For this listing, the lines between the one holding "4BS7688 Illinois License Plate" and the one holding "30.5 M Monopole", inclusive, must be set down exactly.

□ □ □ □ □ □ □

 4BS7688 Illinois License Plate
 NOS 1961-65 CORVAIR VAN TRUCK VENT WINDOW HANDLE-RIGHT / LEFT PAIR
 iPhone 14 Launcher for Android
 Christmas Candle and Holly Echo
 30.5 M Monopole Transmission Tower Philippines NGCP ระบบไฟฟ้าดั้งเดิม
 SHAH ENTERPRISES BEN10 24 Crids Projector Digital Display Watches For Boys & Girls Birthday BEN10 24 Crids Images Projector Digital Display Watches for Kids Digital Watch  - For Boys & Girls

□ □ □ □ □ □ □

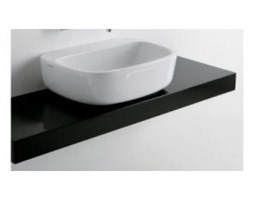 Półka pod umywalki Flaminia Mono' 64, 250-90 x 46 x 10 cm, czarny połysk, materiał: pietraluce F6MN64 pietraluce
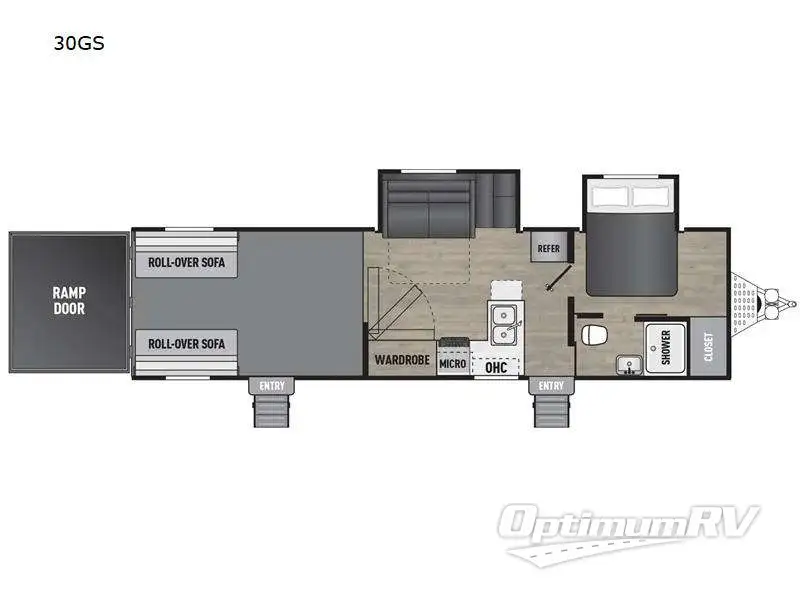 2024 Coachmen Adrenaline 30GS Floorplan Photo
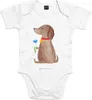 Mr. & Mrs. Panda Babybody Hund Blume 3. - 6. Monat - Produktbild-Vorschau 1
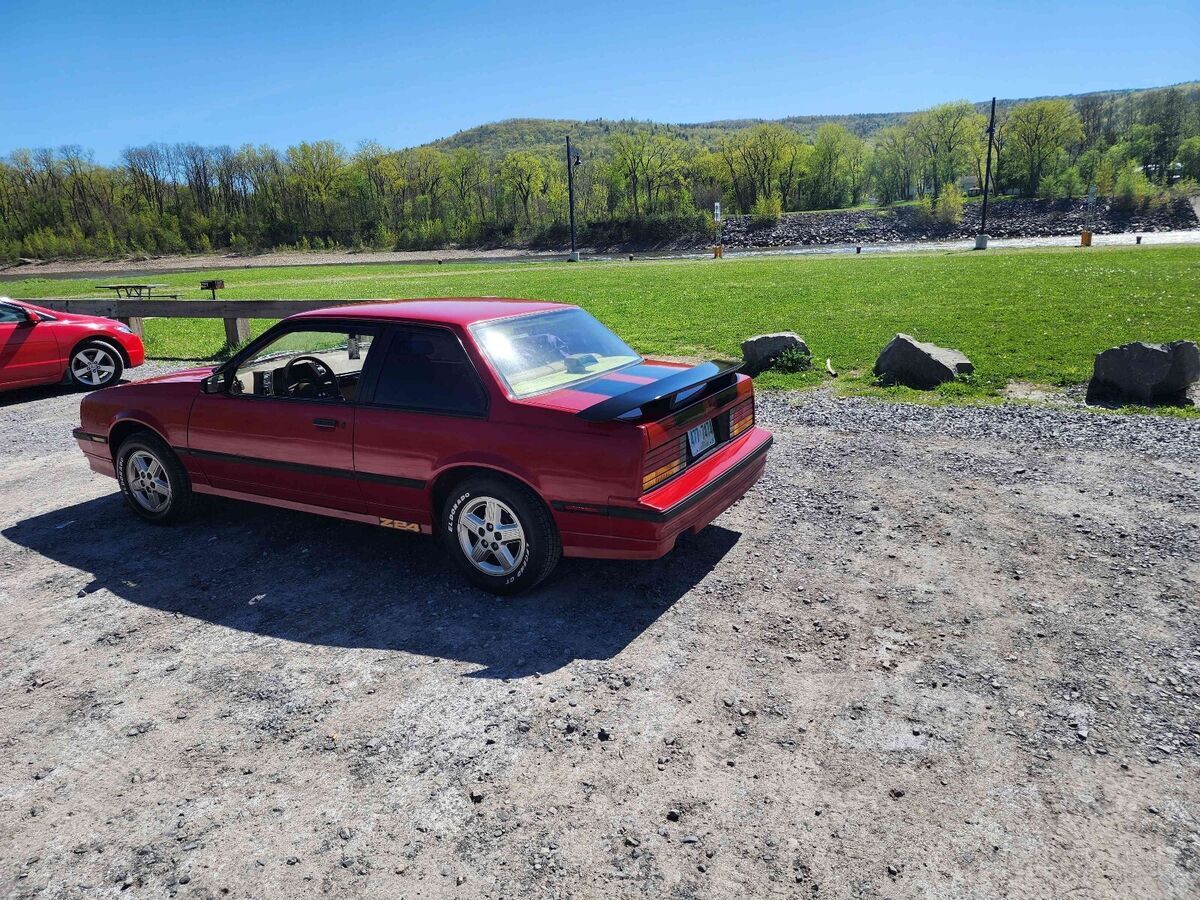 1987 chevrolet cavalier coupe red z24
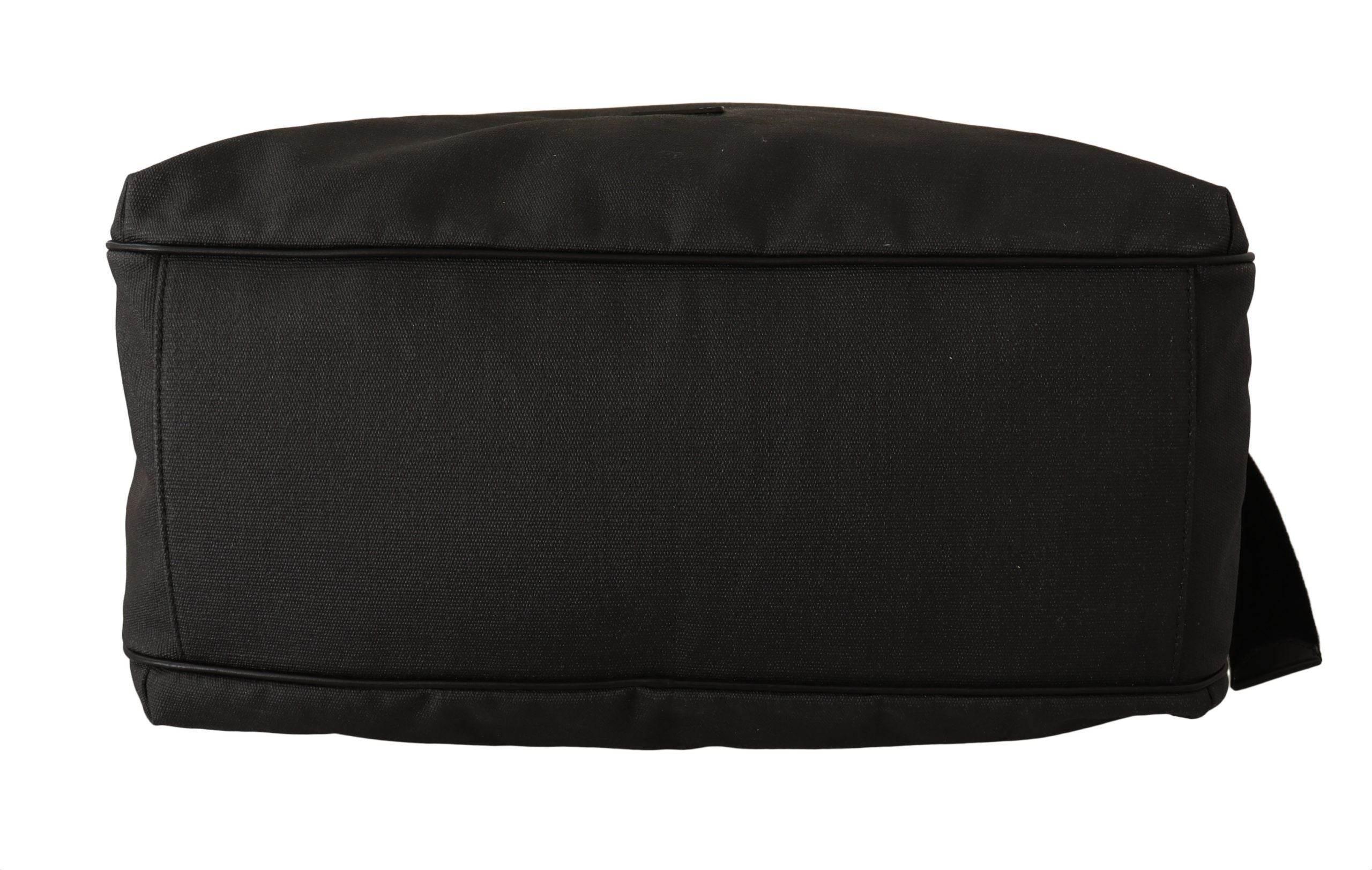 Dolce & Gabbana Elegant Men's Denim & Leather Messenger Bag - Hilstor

□ □ □ □ □ □ □

● **OUTPUT FOR THIS EXERCISE**:
 4BS7688 Illinois License Plate
 NOS 1961-65 CORVAIR VAN TRUCK VENT WINDOW HANDLE-RIGHT / LEFT PAIR
 iPhone 14 Launcher for Android
 Christmas Candle and Holly Echo
 30.5 M Monopole Transmission Tower Philippines NGCP ระบบไฟฟ้าดั้งเดิม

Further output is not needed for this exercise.